Intel® Distribution of OpenVINO™ Toolkit
Community assistance about the Intel® Distribution of OpenVINO™ toolkit, OpenCV, and all aspects of computer vision-related on Intel® platforms.
6577 Discussões

Llama3 performance (HuggingFace + Optimum) on CPU and GPU are completely different

ayf7
Novato
6.777 Visualizações

Hello,


I'm currently trying to run Llama3 from the Hugging Face Repo, using the OpenVINO backend for inference.
I've followed tutorials provided by OpenVINO and from Hugging Face pretty faithfully, here is the code:

 

from transformers import AutoTokenizer, AutoModelForCausalLM, pipeline
import torch
from optimum.intel.openvino import OVModelForCausalLM

model_id = "meta-llama/Meta-Llama-3-8B"

model = OVModelForCausalLM.from_pretrained(model_id, export=True, device="GPU")
tokenizer=AutoTokenizer.from_pretrained(model_id)

pipe = pipeline(
  task="text-generation",
  model=model,
  tokenizer=tokenizer,
  model_kwargs={"torch_dtype": torch.bfloat16},
)

k = pipe("Hey how are you doing today?")
print(k)

 

The output on CPU usually gives the same output that is pretty coherent: 

 

'Hey how are you doing today? I am doing well. I am a little bit tired because I'

 

 while using device=GPU gives complete nonsense, and it's always random nonsense as well, such as:

 

aaaaaaaa href="aaaaaaaa\n the right to the the (a)

 

 I've tried tweaking a lot of different components, with little success.

 

I'm using Meteor Lake / Intel Arc Graphics, with PCI ID 7D55:

 

0000:00:02.0 VGA compatible controller [0300]: Intel Corporation Device [8086:7d55] (rev 08)

 

Some versions of possibly relevant packages I'm using:

- OpenVINO 2024.1.0

- Optimum 1.19.2 (with Optimum-Intel 1.17.0.dev0+bfd0767)

- torch 2.3.0

 

Any pointers would be greatly appreciated. Thank you!

Etiquetas (2)
0 Kudos
1 Solução
ayf7
Novato
6.383 Visualizações

I've figured out the issue - turns out my kernel version (6.5, which was the default for 22.04) was outdated. I upgraded to 6.9.3 and now the outputs are more reasonable.

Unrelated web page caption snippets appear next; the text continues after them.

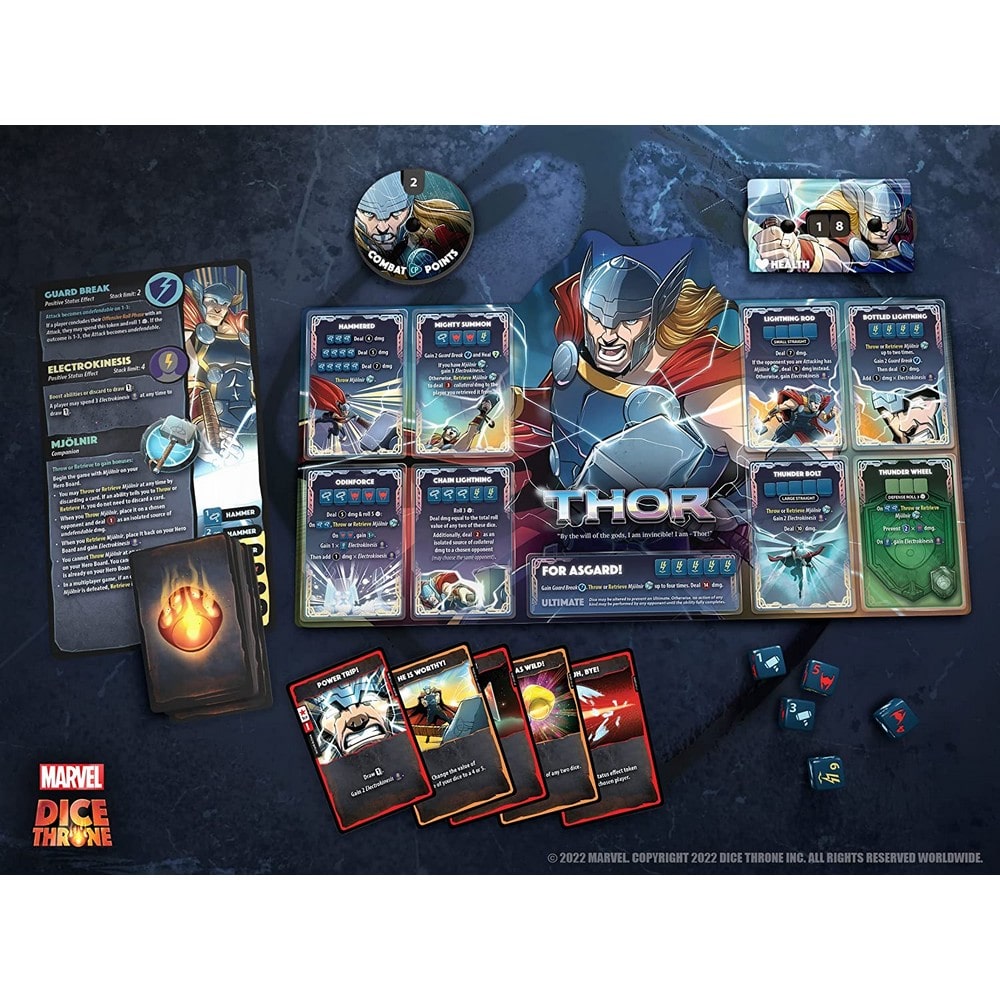 Marvel Dice Throne: Skarlát Boszorkány v. Thor v. Loki v. Pókember angol nyelvű társasjáték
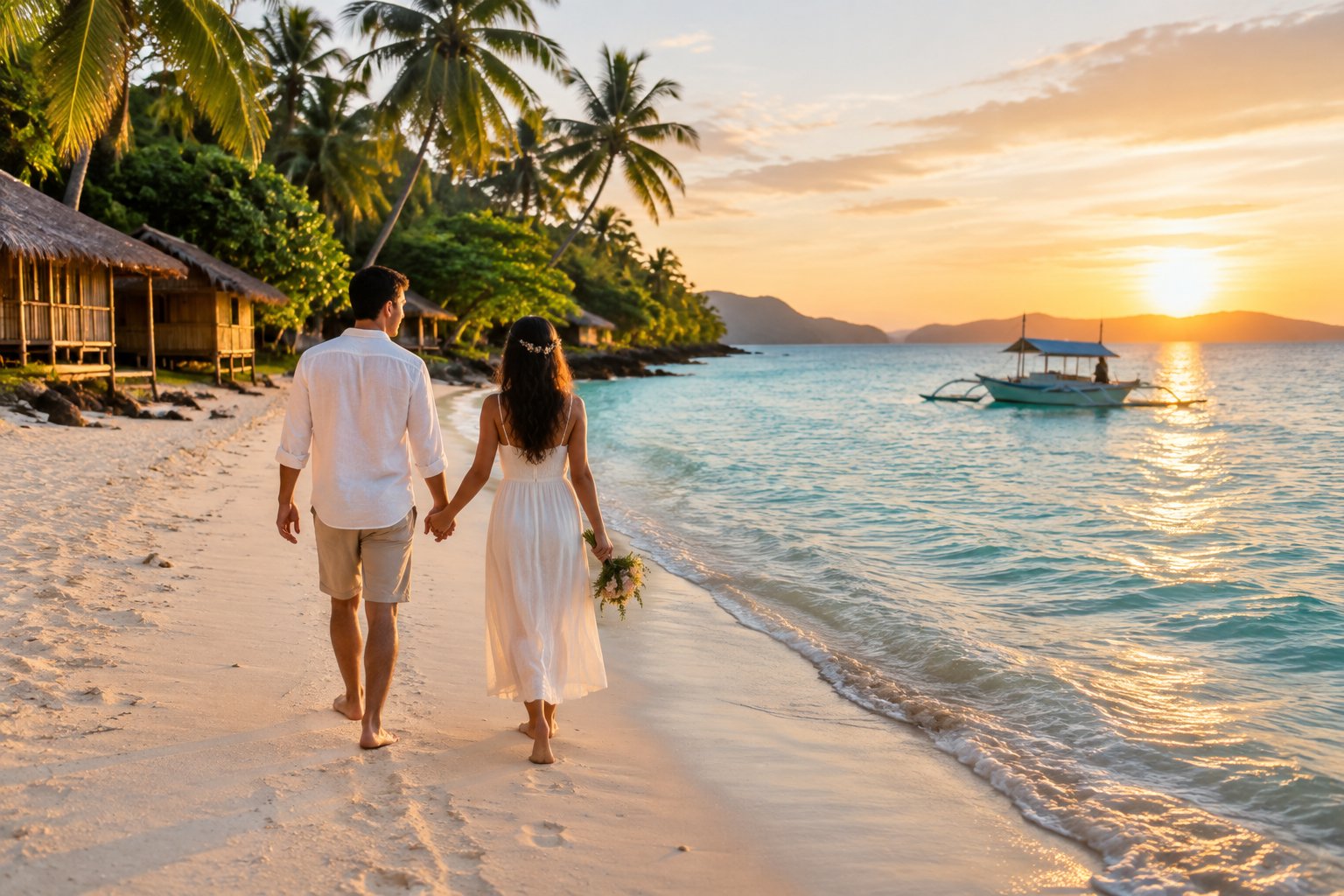 A newlywed couple walks hand in hand along a quiet tropical beach in the Philippines.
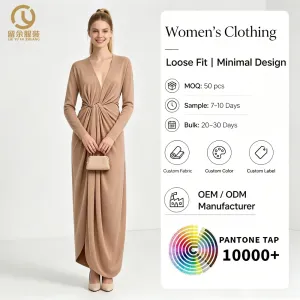 Custom Made Long Sleeve V-Neck Wrap Twist Knot Waist Floor Length Maxi Dress Women Asymmetrical Hem Solid Beige OEM ODM Factory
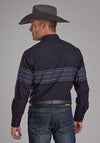 Roper Men Black & Blue Border Stripe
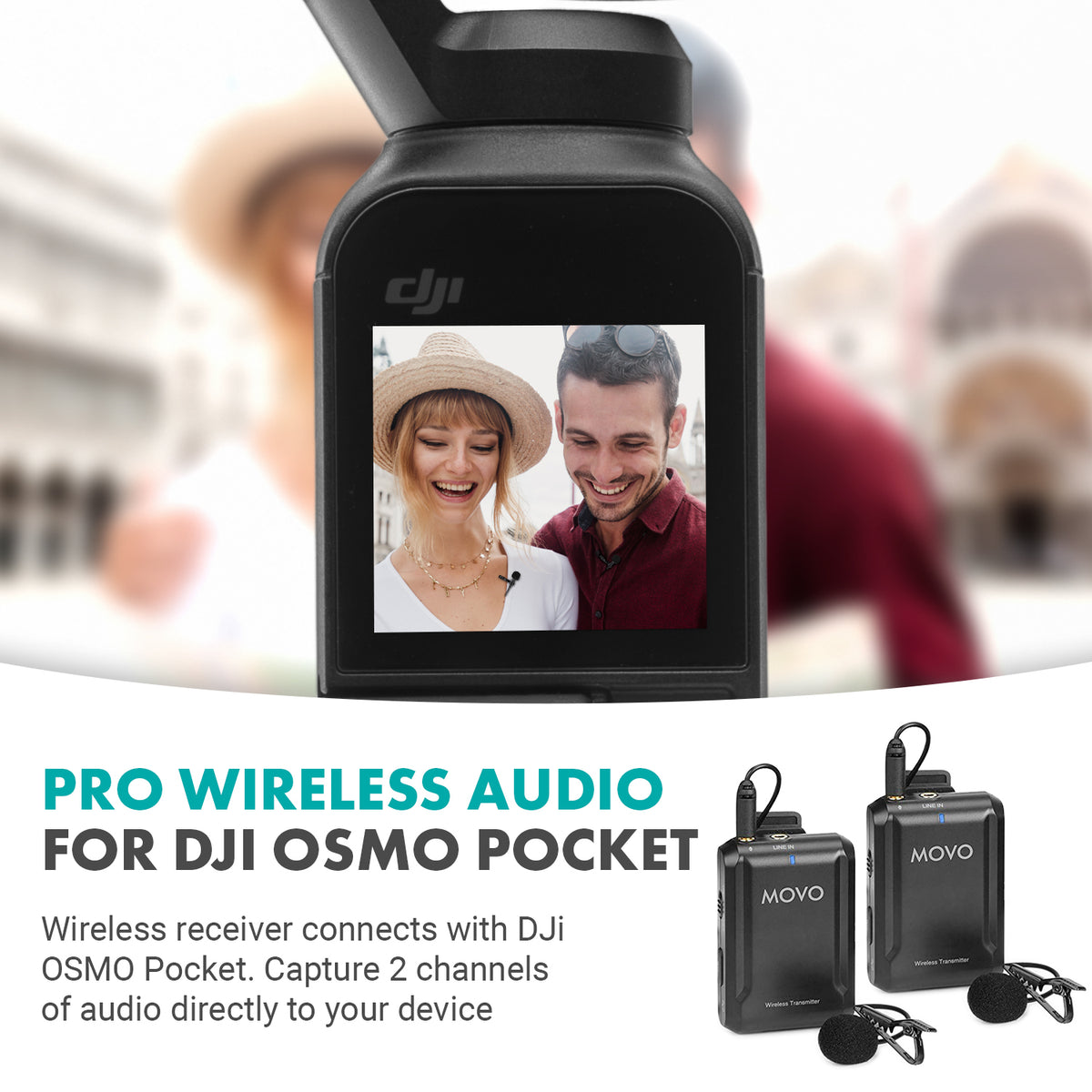 EDGE-OP-DUO | Dual Lavalier Microphone System for DJi OSMO Pocket | Movo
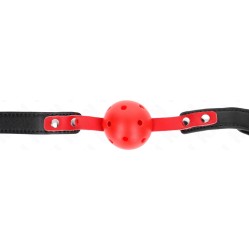Kink Collar & Gag KINK - RED HOLLOW HARD BALL 4 CM GAG BLACK STRAP 60 x 2 CM ADJUSTABLE 37-52 CM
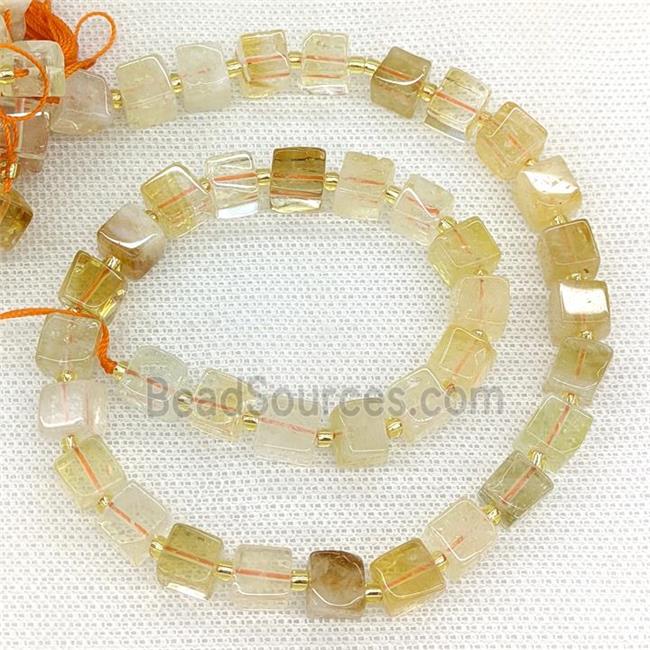 Natural Citrine Beads Yellow Cube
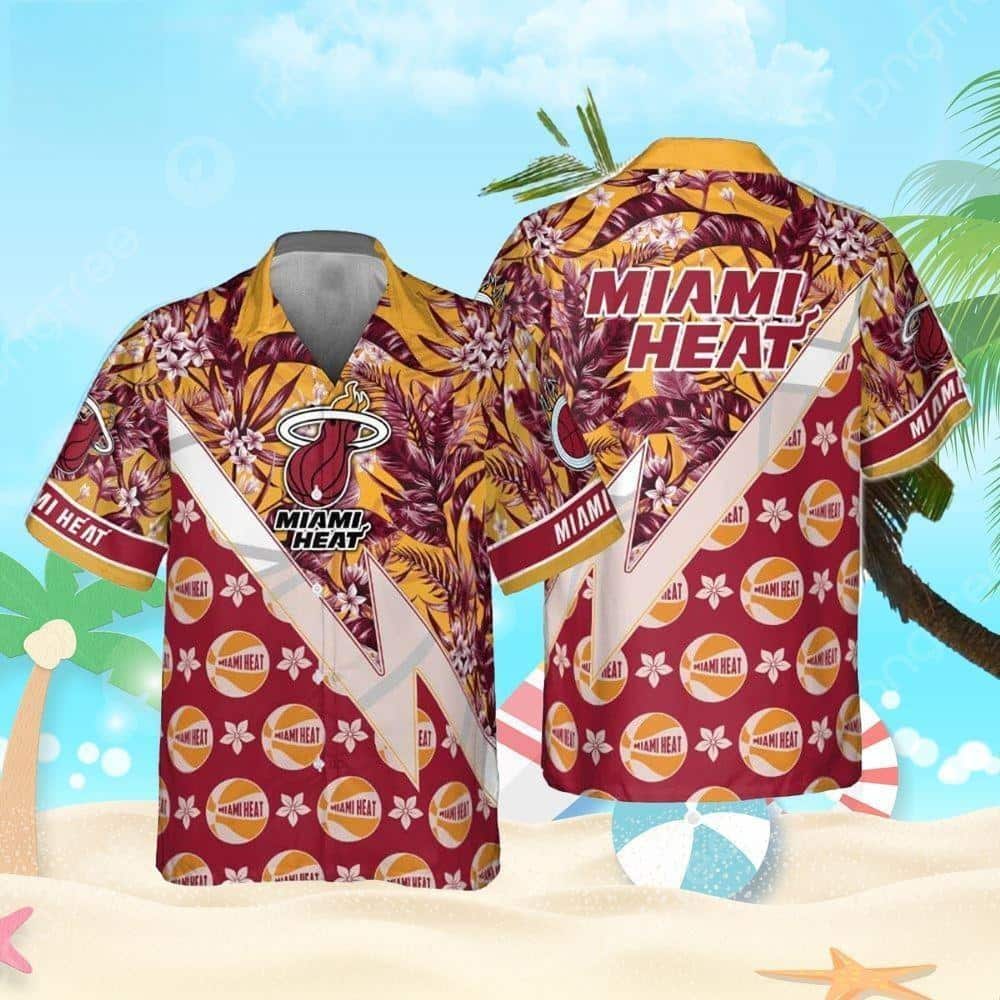 Aloha Miami Heat Hawaiian Shirt Tropical And Basketball Pattern Summer Gift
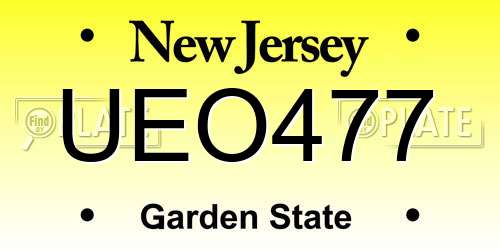 UEO477 New Jersey License Plate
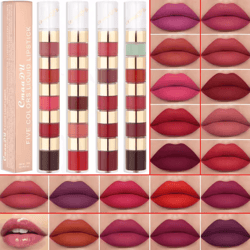 5-color mini matte liquid lipstick set – waterproof long-lasting travel size lipstick collection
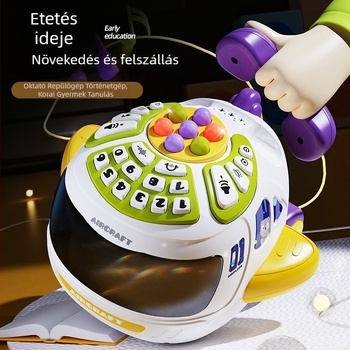 Zenei oktatási mesemotor gyerekeknek, műanyagból, 0-3 éveseknek, elemmel működik, beszédfunkcióval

Ver solução na publicação original

11 Respostas
Wan_Intel
Moderador
6.735 Visualizações

Hi ayf7,

Thanks for reaching out to us.

 

We'll investigate the issue and update you as soon as possible. Meanwhile, could you please share which operating system are you using on your machine?

 

 

Regards,

Wan

 

ayf7
Novato
6.690 Visualizações

Hi Wan,

 

Thanks for reaching out. I am using Ubuntu 22.04 LTS.

 

I also tried a stable diffusion model, and I also took this sample code somewhere:

import requests
import torch
from PIL import Image
from io import BytesIO
from optimum.intel.openvino import OVStableDiffusionImg2ImgPipeline

model_id = "runwayml/stable-diffusion-v1-5"
pipeline = OVStableDiffusionImg2ImgPipeline.from_pretrained(model_id, device="CPU", export=True)

url = "https://raw.githubusercontent.com/CompVis/stable-diffusion/main/assets/stable-samples/img2img/sketch-mountains-input.jpg"
response = requests.get(url)
init_image = Image.open(BytesIO(response.content)).convert("RGB")
init_image = init_image.resize((768, 512))
prompt = "A fantasy landscape, trending on artstation"
image = pipeline(prompt=prompt, image=init_image, strength=0.75, guidance_scale=7.5).images[0]
image.save("fantasy_landscape.png")

Compiling on CPU gave an expected result, and GPU outputted noise. So maybe that means there's some issue at a lower level?

 

- ayf

Wan_Intel
Moderador
6.628 Visualizações

Hi Ayf7,

Thanks for the information.

 

I've set up the environment via the following installation guide:

 

I've been granted to access model meta-llama/Meta-Llama-Guard-2-8B when I applied for meta-llama/Meta-Llama-3-8B. However, when I ran your code, I encountered the following error:

403 Forbidden: Authorization error

Cannot access content at: https://huggingface.co/api/models/meta-llama/Meta-Llama-Guard-2-8B/tree/main?recursive=True&expand=False.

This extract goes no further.